Dan het bewijs voor het bestaan van een economische noodzaak tot duurzaamheid. Unilever heeft aangekondigd in 2020 100% duurzaam te willen produceren. (...) De markt voor duurzaam beleggen is in 3 jaar verdubbeld stond afgelopen maandag nog in het Financiële Dagblad. Ik zie werkelijk niet in wat hier een bewijs aan is. Unilever loopt al sinds jaar en dag voorop met allerhande sociale projecten waar in de regel weinigen op zitten te wachten en die bovendien geld kosten dat beter besteed kan worden aan andere zaken. Maar dat lijkt vooral een geval van welbegrepen zakelijk eigenbelang van de kant van Unilever. Het weet dat de eigen uitgesproken voorkeur voor duurzame produktiemethoden onherroepelijk leidt tot hogere produktiekosten - en dus tot stijgende prijzen voor Unileverprodukten. Omdat het bedrijf al eens
tegen de lamp is gelopen bij een poging deze stijgende kosten af te wentelen op de consument door middel van illegale prijsafspraken met concurrenten, probeert het het nu maar via de wetgevingsroute. Door de eigen voorkeuren tot bindende standaarden te verheffen, hoopt het de concurrentie op legale wijze tot dezelfde prijsopdrijvende produktiemethoden te dwingen. Dat het ontwikkelingslanden door Unilevers inspanningen lastig wordt gemaakt om via internationale vrijhandel tot ontwikkeling te komen, lijkt het bedrijf niet echt te interesseren - en Gerbrandy blijkbaar ook niet.

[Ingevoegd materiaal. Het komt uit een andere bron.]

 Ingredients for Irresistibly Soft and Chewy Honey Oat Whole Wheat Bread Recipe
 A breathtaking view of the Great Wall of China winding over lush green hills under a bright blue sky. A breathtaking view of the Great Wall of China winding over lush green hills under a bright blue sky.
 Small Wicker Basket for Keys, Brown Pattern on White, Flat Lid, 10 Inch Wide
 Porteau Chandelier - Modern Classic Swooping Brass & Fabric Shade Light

Ben ik wat te pessimistisch over de intenties van Unilever (en Gerbrandy)? Misschien. Maar zelfs de meest optimistische spin die we kunnen geven aan de nadruk van bedrijven als Unilever op duurzaamheid is dat het blijkbaar duidelijk is dat duurzaamheid is doorgedrongen tot het vaste eisenpakket van de burger. Maar dat is nu precies het probleem. De bewustwording van de consument over duurzaamheid strekt veelal niet verder dan wat er op de voorpaginas van de kranten te lezen is. ´Windenergie kost niks, want wind is gratis is er zo een, of Ontbossing moet stoppen! Daarbij vergeet men dan even dat Nederland in zijn totaliteit allang ontbost is, althans ontdaan van haar oerbos en oorspronkelijke natuur als moeras en veengebied, en dat op de op die manier verkregen grond nu wordt geleefd en verbouwd. Maar dat willen mensen niet horen. Ontbossing klinkt zo lekker dramatisch, daar moeten wij als verveelde westerse burger toch iets aan doen!

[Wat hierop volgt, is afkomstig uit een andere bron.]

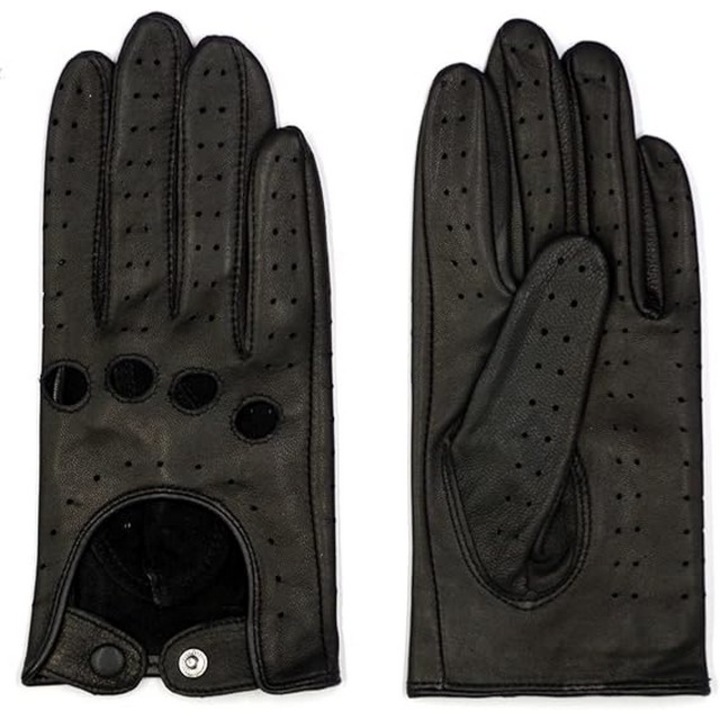 Manusi dama HARSSIDANZAR din piele, cu functie touchscreen, negre, XL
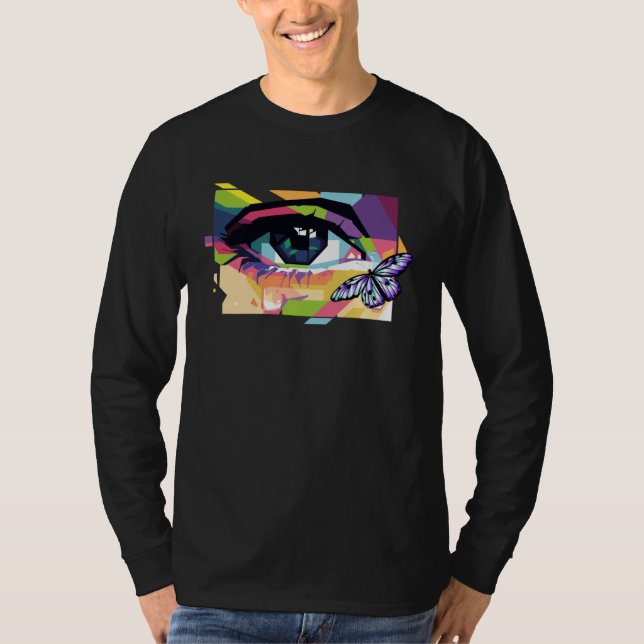 Abstract Crying Eye Purple Butterfly Soft Girl Aes T-Shirt (Vorderseite)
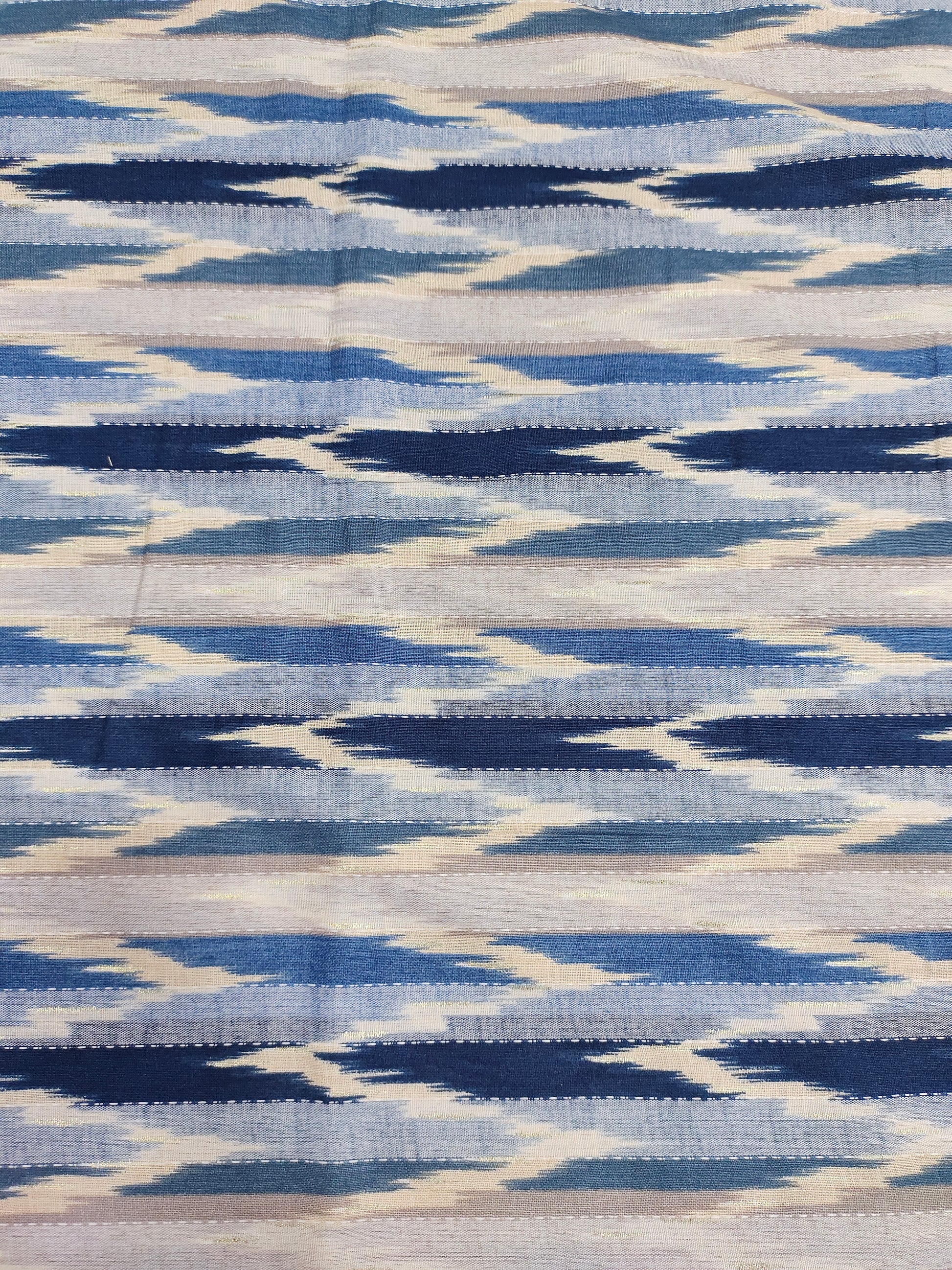 Cotton katha digital print withblu and little gold foile.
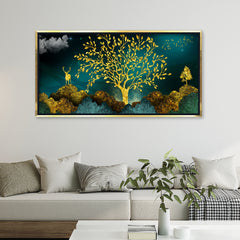 Premium Luxury Gilded Golden Tree and Stag Abstract Wall Art | Dark Teal Textured Landscape Canvas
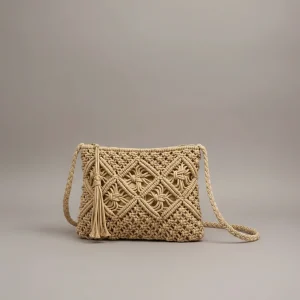 Sac tressé coton bohème bandoulière - Vue 1 - sac tressé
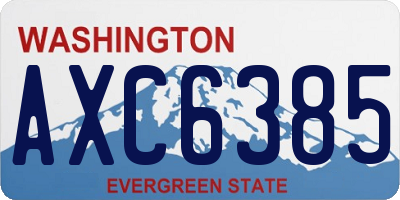 WA license plate AXC6385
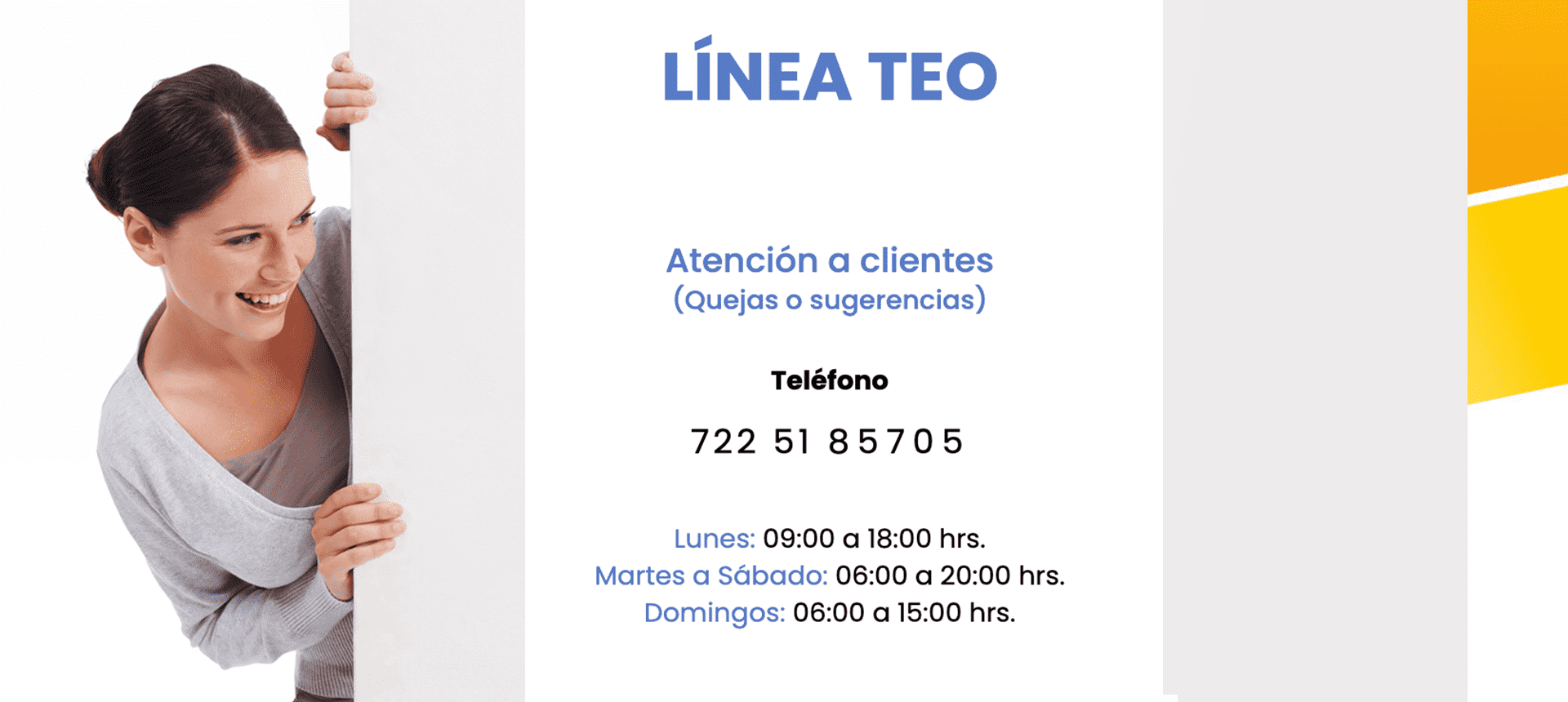 Primer slide con información de atención a clientes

Dus gaan we allerlei zaken eisen van onze producenten. Zoals het toezien op het behoud van het regenwoud. Begrijpt u mij niet verkeerd, de ecologische systemen van de oerwouden in Borneo zijn van onschatbaar belang, al was het alleen maar omdat het natuurlijk erfgoed is waar wij als mens goed mee om dienen te gaan. Maar 1 miljoen hectare, hoeveel dit ook mag lijken, is slechts 8,5 % van het totale gebied in het door Gerbrandy aangehaalde Sarawak. Grond die, mitst gedeeltelijk ontbost, het niet al te florissant rijke Sarawak een enorme economische boost kan geven, die het eveneens door Gerbrandy aangehaalde ecotoerisme onmogelijk kan substitueren.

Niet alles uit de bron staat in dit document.